## Records to use
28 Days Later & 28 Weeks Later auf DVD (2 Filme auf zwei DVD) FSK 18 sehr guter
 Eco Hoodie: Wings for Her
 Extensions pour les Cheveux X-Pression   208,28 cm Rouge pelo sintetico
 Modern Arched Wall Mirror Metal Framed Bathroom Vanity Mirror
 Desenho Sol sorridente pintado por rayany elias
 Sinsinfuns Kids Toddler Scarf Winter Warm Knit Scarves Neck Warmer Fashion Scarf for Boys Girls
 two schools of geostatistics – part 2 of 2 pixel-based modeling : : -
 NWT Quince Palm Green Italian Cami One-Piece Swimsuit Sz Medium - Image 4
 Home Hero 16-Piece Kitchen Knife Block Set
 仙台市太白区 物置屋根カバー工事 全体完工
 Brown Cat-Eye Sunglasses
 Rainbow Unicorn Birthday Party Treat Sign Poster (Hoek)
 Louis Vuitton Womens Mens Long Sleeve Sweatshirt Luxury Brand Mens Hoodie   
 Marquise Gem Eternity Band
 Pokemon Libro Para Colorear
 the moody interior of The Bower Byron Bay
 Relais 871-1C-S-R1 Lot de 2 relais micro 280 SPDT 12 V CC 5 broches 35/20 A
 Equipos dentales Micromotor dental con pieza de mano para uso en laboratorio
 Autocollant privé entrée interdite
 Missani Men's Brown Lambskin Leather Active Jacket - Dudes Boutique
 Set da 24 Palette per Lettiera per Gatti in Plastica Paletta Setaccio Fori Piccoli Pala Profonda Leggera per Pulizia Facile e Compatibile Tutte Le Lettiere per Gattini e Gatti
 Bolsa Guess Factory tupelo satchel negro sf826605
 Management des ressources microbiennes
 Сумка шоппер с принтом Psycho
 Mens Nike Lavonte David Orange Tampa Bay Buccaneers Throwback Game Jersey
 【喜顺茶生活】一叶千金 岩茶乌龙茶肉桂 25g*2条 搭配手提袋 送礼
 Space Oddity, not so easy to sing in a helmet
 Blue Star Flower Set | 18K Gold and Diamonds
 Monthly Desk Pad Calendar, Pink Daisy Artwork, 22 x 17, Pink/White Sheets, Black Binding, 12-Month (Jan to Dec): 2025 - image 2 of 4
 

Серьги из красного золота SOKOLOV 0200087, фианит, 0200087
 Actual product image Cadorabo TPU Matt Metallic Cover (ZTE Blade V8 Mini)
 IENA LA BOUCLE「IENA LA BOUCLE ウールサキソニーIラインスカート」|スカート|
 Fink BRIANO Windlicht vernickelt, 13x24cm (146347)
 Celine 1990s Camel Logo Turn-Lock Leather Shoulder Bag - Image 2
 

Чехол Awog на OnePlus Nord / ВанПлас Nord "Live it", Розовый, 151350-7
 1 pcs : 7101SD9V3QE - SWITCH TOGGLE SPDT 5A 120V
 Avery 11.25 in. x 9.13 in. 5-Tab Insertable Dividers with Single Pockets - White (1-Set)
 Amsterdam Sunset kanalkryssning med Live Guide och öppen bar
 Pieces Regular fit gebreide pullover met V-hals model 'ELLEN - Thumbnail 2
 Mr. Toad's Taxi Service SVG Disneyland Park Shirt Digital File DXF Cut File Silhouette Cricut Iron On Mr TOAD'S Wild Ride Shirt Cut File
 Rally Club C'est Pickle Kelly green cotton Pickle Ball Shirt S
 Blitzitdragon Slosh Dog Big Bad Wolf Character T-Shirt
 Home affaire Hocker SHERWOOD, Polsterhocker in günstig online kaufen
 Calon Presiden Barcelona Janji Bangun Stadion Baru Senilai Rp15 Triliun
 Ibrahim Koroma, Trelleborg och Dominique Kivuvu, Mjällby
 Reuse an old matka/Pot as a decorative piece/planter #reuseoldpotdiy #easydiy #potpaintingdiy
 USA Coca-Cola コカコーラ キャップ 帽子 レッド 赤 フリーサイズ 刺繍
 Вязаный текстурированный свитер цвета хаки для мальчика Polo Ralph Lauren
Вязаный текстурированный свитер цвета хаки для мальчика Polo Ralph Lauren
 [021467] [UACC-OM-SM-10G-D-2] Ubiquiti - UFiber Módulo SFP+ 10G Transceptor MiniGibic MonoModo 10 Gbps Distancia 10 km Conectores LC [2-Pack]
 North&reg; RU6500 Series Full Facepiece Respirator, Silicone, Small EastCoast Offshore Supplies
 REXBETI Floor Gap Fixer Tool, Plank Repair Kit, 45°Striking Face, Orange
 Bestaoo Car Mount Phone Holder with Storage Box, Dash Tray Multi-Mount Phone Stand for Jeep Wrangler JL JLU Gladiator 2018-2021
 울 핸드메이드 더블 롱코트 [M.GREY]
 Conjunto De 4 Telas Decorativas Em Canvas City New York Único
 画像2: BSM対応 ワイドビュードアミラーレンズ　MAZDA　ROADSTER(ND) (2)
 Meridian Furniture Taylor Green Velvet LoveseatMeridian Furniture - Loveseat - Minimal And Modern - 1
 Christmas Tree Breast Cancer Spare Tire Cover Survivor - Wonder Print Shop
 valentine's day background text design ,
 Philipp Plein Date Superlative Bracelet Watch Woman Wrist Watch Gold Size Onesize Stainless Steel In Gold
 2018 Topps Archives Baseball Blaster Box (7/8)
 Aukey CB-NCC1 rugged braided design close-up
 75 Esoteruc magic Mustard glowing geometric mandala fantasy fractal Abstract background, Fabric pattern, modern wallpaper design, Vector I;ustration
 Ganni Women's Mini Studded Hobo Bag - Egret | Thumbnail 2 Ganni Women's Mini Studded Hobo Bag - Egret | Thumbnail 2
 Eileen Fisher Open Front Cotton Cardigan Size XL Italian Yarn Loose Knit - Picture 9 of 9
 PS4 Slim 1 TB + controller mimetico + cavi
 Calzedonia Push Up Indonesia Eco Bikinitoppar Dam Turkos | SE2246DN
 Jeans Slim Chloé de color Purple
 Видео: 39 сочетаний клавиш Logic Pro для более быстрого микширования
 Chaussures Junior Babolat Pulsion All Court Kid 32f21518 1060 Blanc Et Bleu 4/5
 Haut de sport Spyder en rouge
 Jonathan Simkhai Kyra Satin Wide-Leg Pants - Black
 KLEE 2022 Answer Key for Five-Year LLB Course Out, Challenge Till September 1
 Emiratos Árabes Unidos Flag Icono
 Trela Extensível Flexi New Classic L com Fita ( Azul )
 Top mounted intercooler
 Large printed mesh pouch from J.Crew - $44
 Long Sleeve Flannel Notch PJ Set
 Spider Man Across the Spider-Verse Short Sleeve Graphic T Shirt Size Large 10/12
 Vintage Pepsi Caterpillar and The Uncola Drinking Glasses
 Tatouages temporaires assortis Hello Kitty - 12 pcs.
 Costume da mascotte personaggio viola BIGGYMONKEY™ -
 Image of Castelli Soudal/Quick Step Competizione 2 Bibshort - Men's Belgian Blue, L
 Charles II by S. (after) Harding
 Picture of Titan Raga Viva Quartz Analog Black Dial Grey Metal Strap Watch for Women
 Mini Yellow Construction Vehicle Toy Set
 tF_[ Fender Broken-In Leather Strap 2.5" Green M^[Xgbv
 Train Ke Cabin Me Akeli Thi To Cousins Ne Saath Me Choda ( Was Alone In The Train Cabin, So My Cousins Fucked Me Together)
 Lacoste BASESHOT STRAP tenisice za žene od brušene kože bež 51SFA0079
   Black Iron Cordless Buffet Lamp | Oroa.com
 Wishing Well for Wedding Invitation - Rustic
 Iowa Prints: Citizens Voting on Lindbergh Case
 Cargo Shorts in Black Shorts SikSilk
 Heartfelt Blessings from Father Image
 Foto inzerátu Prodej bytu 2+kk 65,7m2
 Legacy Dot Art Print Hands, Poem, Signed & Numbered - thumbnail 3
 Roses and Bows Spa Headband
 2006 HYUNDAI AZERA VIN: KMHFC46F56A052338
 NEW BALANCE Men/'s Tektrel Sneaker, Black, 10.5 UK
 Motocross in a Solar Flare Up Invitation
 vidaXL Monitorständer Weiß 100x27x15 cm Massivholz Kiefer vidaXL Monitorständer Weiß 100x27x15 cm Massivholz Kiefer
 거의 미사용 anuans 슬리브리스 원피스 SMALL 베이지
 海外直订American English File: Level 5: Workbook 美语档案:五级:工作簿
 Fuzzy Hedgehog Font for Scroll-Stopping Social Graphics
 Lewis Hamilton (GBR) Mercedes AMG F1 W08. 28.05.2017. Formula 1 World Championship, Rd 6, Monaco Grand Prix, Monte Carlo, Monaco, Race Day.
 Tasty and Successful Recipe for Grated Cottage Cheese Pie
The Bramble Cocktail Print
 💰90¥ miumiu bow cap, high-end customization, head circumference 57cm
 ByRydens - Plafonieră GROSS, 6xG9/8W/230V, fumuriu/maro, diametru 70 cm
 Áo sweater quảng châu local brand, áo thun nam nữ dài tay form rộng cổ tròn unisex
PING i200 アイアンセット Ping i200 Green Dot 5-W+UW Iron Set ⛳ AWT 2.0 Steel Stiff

## What needs to be done
The answer must be a verbatim transcription of the entries above, from the first line through the line that contains "Сумка шоппер с принтом Psycho", and nothing more.

## Finished exercise
28 Days Later & 28 Weeks Later auf DVD (2 Filme auf zwei DVD) FSK 18 sehr guter
 Eco Hoodie: Wings for Her
 Extensions pour les Cheveux X-Pression   208,28 cm Rouge pelo sintetico
 Modern Arched Wall Mirror Metal Framed Bathroom Vanity Mirror
 Desenho Sol sorridente pintado por rayany elias
 Sinsinfuns Kids Toddler Scarf Winter Warm Knit Scarves Neck Warmer Fashion Scarf for Boys Girls
 two schools of geostatistics – part 2 of 2 pixel-based modeling : : -
 NWT Quince Palm Green Italian Cami One-Piece Swimsuit Sz Medium - Image 4
 Home Hero 16-Piece Kitchen Knife Block Set
 仙台市太白区 物置屋根カバー工事 全体完工
 Brown Cat-Eye Sunglasses
 Rainbow Unicorn Birthday Party Treat Sign Poster (Hoek)
 Louis Vuitton Womens Mens Long Sleeve Sweatshirt Luxury Brand Mens Hoodie   
 Marquise Gem Eternity Band
 Pokemon Libro Para Colorear
 the moody interior of The Bower Byron Bay
 Relais 871-1C-S-R1 Lot de 2 relais micro 280 SPDT 12 V CC 5 broches 35/20 A
 Equipos dentales Micromotor dental con pieza de mano para uso en laboratorio
 Autocollant privé entrée interdite
 Missani Men's Brown Lambskin Leather Active Jacket - Dudes Boutique
 Set da 24 Palette per Lettiera per Gatti in Plastica Paletta Setaccio Fori Piccoli Pala Profonda Leggera per Pulizia Facile e Compatibile Tutte Le Lettiere per Gattini e Gatti
 Bolsa Guess Factory tupelo satchel negro sf826605
 Management des ressources microbiennes
 Сумка шоппер с принтом Psycho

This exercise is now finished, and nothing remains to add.